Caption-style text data
........
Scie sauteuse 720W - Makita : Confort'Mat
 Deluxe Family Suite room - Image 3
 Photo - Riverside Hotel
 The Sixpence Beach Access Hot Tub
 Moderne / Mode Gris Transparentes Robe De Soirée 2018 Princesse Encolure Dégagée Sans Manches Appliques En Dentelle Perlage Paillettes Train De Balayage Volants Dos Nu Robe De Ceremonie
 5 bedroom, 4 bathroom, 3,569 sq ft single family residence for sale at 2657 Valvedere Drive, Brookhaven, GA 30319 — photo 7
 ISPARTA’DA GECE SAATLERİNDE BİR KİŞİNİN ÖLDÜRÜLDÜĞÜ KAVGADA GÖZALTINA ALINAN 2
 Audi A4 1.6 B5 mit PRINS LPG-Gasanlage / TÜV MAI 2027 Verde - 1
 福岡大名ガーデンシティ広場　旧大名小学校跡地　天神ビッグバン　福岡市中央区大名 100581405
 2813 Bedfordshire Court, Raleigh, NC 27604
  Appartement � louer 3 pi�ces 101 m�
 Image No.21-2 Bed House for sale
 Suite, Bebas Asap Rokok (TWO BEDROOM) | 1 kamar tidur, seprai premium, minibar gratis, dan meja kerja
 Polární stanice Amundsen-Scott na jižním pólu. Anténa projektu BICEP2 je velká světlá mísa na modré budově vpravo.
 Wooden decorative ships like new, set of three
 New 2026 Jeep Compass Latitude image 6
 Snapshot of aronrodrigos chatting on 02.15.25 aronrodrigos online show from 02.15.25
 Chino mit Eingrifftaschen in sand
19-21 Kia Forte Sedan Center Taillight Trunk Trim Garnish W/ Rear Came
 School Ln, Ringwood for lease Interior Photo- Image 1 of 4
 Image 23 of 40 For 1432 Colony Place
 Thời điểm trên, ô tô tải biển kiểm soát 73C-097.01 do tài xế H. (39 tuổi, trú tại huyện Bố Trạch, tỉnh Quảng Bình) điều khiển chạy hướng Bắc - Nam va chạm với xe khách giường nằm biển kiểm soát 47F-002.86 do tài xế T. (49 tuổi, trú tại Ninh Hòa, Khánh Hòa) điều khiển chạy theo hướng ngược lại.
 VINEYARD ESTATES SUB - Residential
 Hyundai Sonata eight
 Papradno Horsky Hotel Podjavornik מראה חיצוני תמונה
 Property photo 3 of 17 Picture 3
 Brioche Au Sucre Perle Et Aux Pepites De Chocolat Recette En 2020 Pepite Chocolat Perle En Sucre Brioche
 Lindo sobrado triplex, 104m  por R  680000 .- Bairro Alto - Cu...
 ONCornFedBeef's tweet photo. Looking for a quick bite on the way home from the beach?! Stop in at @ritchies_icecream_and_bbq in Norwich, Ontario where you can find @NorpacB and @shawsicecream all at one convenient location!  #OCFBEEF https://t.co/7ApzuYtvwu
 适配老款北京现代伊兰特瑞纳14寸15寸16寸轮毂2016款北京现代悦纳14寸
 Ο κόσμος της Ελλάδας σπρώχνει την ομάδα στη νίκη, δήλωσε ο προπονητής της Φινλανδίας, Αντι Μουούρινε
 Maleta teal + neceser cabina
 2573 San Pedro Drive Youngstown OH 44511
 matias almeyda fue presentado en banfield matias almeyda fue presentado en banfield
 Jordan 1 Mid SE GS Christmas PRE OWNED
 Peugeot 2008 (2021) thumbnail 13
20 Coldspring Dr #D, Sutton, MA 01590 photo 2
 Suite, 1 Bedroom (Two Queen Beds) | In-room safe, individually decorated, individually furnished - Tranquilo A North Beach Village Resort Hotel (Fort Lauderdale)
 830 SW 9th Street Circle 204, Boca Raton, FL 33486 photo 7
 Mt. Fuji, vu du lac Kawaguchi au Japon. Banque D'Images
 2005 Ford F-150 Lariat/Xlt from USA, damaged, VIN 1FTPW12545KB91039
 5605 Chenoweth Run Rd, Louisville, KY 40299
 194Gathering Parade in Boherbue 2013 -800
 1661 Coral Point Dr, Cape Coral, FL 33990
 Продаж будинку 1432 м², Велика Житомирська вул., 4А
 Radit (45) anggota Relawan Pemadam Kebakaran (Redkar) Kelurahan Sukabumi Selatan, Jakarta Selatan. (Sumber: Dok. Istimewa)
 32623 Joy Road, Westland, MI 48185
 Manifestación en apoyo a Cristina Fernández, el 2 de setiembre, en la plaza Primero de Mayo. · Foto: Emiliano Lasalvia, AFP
........
Assignment:
Restate word for word the entries above, starting at the line with "Suite, Bebas Asap" and ending at the line with "20 Coldspring Dr #D, Sutton, MA 01590 photo 2", inclusive, and no others.

Exercise result:
 Suite, Bebas Asap Rokok (TWO BEDROOM) | 1 kamar tidur, seprai premium, minibar gratis, dan meja kerja
 Polární stanice Amundsen-Scott na jižním pólu. Anténa projektu BICEP2 je velká světlá mísa na modré budově vpravo.
 Wooden decorative ships like new, set of three
 New 2026 Jeep Compass Latitude image 6
 Snapshot of aronrodrigos chatting on 02.15.25 aronrodrigos online show from 02.15.25
 Chino mit Eingrifftaschen in sand
19-21 Kia Forte Sedan Center Taillight Trunk Trim Garnish W/ Rear Came
 School Ln, Ringwood for lease Interior Photo- Image 1 of 4
 Image 23 of 40 For 1432 Colony Place
 Thời điểm trên, ô tô tải biển kiểm soát 73C-097.01 do tài xế H. (39 tuổi, trú tại huyện Bố Trạch, tỉnh Quảng Bình) điều khiển chạy hướng Bắc - Nam va chạm với xe khách giường nằm biển kiểm soát 47F-002.86 do tài xế T. (49 tuổi, trú tại Ninh Hòa, Khánh Hòa) điều khiển chạy theo hướng ngược lại.
 VINEYARD ESTATES SUB - Residential
 Hyundai Sonata eight
 Papradno Horsky Hotel Podjavornik מראה חיצוני תמונה
 Property photo 3 of 17 Picture 3
 Brioche Au Sucre Perle Et Aux Pepites De Chocolat Recette En 2020 Pepite Chocolat Perle En Sucre Brioche
 Lindo sobrado triplex, 104m  por R  680000 .- Bairro Alto - Cu...
 ONCornFedBeef's tweet photo. Looking for a quick bite on the way home from the beach?! Stop in at @ritchies_icecream_and_bbq in Norwich, Ontario where you can find @NorpacB and @shawsicecream all at one convenient location!  #OCFBEEF https://t.co/7ApzuYtvwu
 适配老款北京现代伊兰特瑞纳14寸15寸16寸轮毂2016款北京现代悦纳14寸
 Ο κόσμος της Ελλάδας σπρώχνει την ομάδα στη νίκη, δήλωσε ο προπονητής της Φινλανδίας, Αντι Μουούρινε
 Maleta teal + neceser cabina
 2573 San Pedro Drive Youngstown OH 44511
 matias almeyda fue presentado en banfield matias almeyda fue presentado en banfield
 Jordan 1 Mid SE GS Christmas PRE OWNED
 Peugeot 2008 (2021) thumbnail 13
20 Coldspring Dr #D, Sutton, MA 01590 photo 2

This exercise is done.